Some words on C++14. C++14 is not going to be like C++11 changing the language a lot. Its more meant to enhance the language with libraries, and improve or provide bug fixes for C++11. That's why you could call C++14 a minor Standard, and the next major C++ Standard is C++17, at least you could see this as the current plan and road map for C++. But lets have a look at the papers:

N3551 - Random Number Generation in C++11

For a long time there has been std::rand(), srand() and RAND_MAX for random number generation. C++11 improved the support for Random Number Generation with the header <random>. The C++11 random library is inspired by boost::random, and splits the generation from the distribution. Therefore you have a set of generator classes, which you can use with a set of distribution classes. This paper can be seen as a really good and complete tutorial to random, it also aims at improving <random>, and as N3547, proposes the introduction of the 4 new random related functions:

N3552 - Introducing Object Aliases

An Object Alias could help to adjust a constant to the right value in the right context. The paper uses the example of pi, where pi can have multiple different requirements in precision depending on the context (float, double, long double). The authors show some techniques to resolve this, and discuss on how object aliases could be implemented in C++.

N3553 - Proposing a C++1y Swap Operator

The term C++1y is being used mostly to imply what was implied with C++0x before. The paper proposes to introduce a swap operator to C++. This new operator shall be treated as a special member function, and enable the programmer to provide an alternative swap operator implementation that the traditional member wise swapping. The authors propose this syntax for the swap operator implementation:

//non class-types
inline T& operator :=: (T& x, T&& y) {see below; return x; } inline T& operator :=: (T& x, T& y) { return x :=: std::move(y); }

//class types
inline C& C::operator:=:(C&& y) & {see below; return *this; } inline C& C::operator:=:(C &y) & { return *this :=: std::move(y); }

PLEASE read the paper for the further details, which simply don't fit in here.

The authors conclude:

"This paper has proposed a swap operator, operator:=: , for addition to C++1Y and has further proposed its application, where viable, as an alternative implementation technique for defaulted class assignment operators. We invite feedback from WG21 participants and other knowledgeable parties, and especially invite implementors to collaborate with us in order to experiment and gain experience with this proposed new language feature."

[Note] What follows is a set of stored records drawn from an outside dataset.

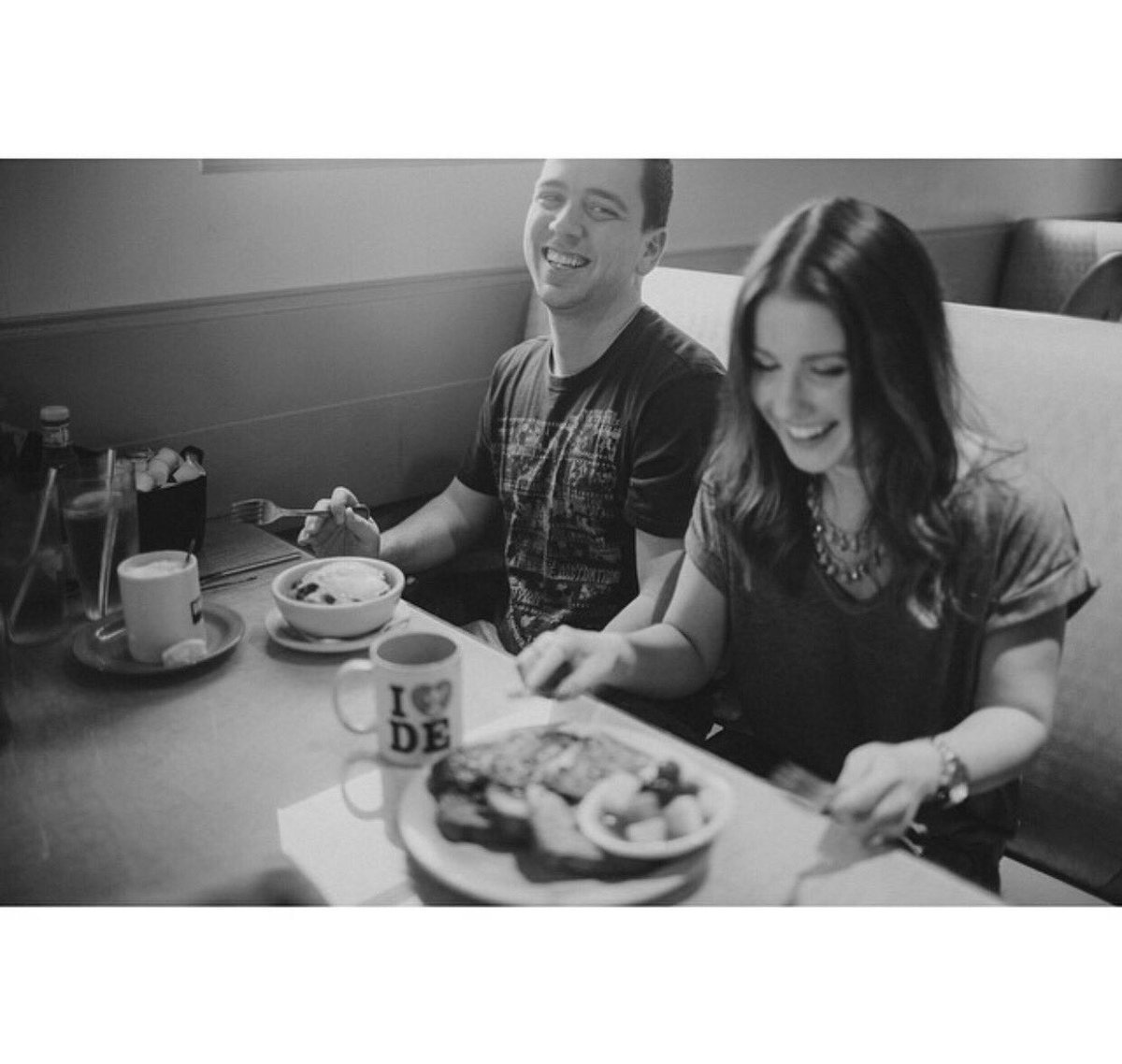 good food makes for even better times 😊 we make all the smiles come out here ❤️ 📷:  <a href="/adrienne_____/">A.B</a> | #ilovede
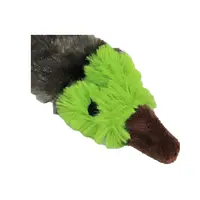 Boon Hondenspeelgoed Eend met Pieper Plat 35cm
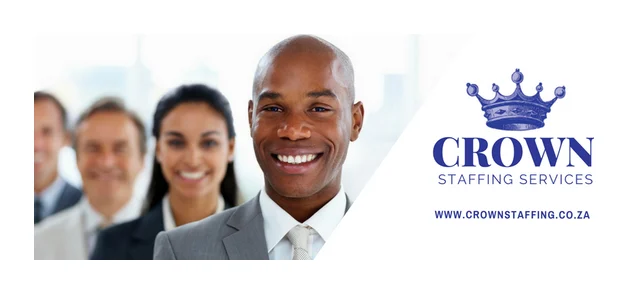 CROWN STAFFING Pty Ltd logo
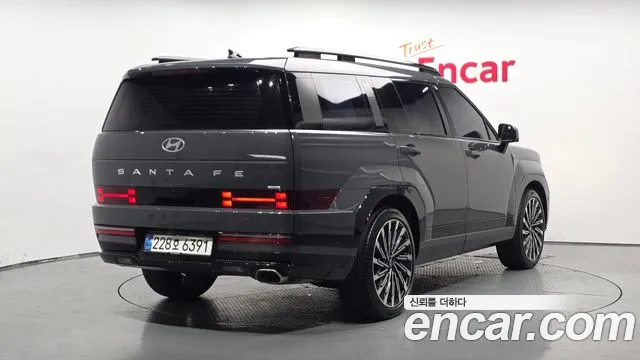 Hyundai Santafe Santa Fe (MX5) Бензин 2.5T 4WD — Фото автомобиля 2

N3554 - A Parallel Algorithms Library for C++

Very nice. And its a combined proposal from Microsoft, Intel, and Nvidia. The idea is, to provide a parallel version of the <algorithm> header. This goes far beyond running std::sort on multiple threads. Maybe you want to do your sort on the GPU? Maybe do it in a vectorised fashion? At C++Now 2012 there was a very good keynote by Sean Parent (Adobe), mentioning that with the current standard, even with threads, you would not be able to reach the full performance of a machine utilizing vector units or GPU. This approach might be an answer, on how to integrate platform parallelism into the C++ Standard. Quoting the authors:

"We introduce three parallel execution policies for parallel algorithm execution: std::seq, std::par, and std::vec , as well as a facility for vendors to provide non-standard execution policies as extensions."

An short example of what is proposed:

std::vector vec = fill_my_vec_with_random_numbers(1024);
// legacy sequential sort
std::sort(vec.begin(), vec.end());
// explicit sequential sort
std::sort(std::seq, vec.begin(), vec.end());
// parallel sort
std::sort(std::par, vec.begin(), vec.end());
// vectorized sort
std::sort(std::vec, vec.begin(), vec.end());
// sort with dynamically-selected execution
size_t threshold = 512;
std::execution_policy exec = std::seq;
if(vec.size() > threshold)
exec = std::par;
std::sort(exec, vec.begin(), vec.end());
// parallel sort with non-standard implementation-provided execution policies:
std::sort(vectorize_in_this_thread, vec.begin(), vec.end());
std::sort(submit_to_my_thread_pool, vec.begin(), vec.end());
std::sort(execute_on_that_gpu, vec.begin(), vec.end());
std::sort(offload_to_my_fpga, vec.begin(), vec.end());
std::sort(send_this_computation_to_the_cloud, vec.begin(), vec.end());

This approach would enhance the Standard Library with a algorithms capable of choosing the target by a certain specifier. The authors state further:

"This proposal is motivated by a strong desire to provide a standard model of parallelism enabling performance portability across the broadest possible range of parallel architectures."

I think its a very interesting approach, and its already backed by some of the most important compiler vendors, still, its hard to say, which improvements to parallelism and threading will end up in C++14, and which will carry on to C++17. There are many proposals about parallelism, which will need to be aligned and unified into a fitting concept of standardization for C++. The C++ Committee Meeting in Bristol will probably bring an insight, which proposals will be considered for further standardization of parallelism.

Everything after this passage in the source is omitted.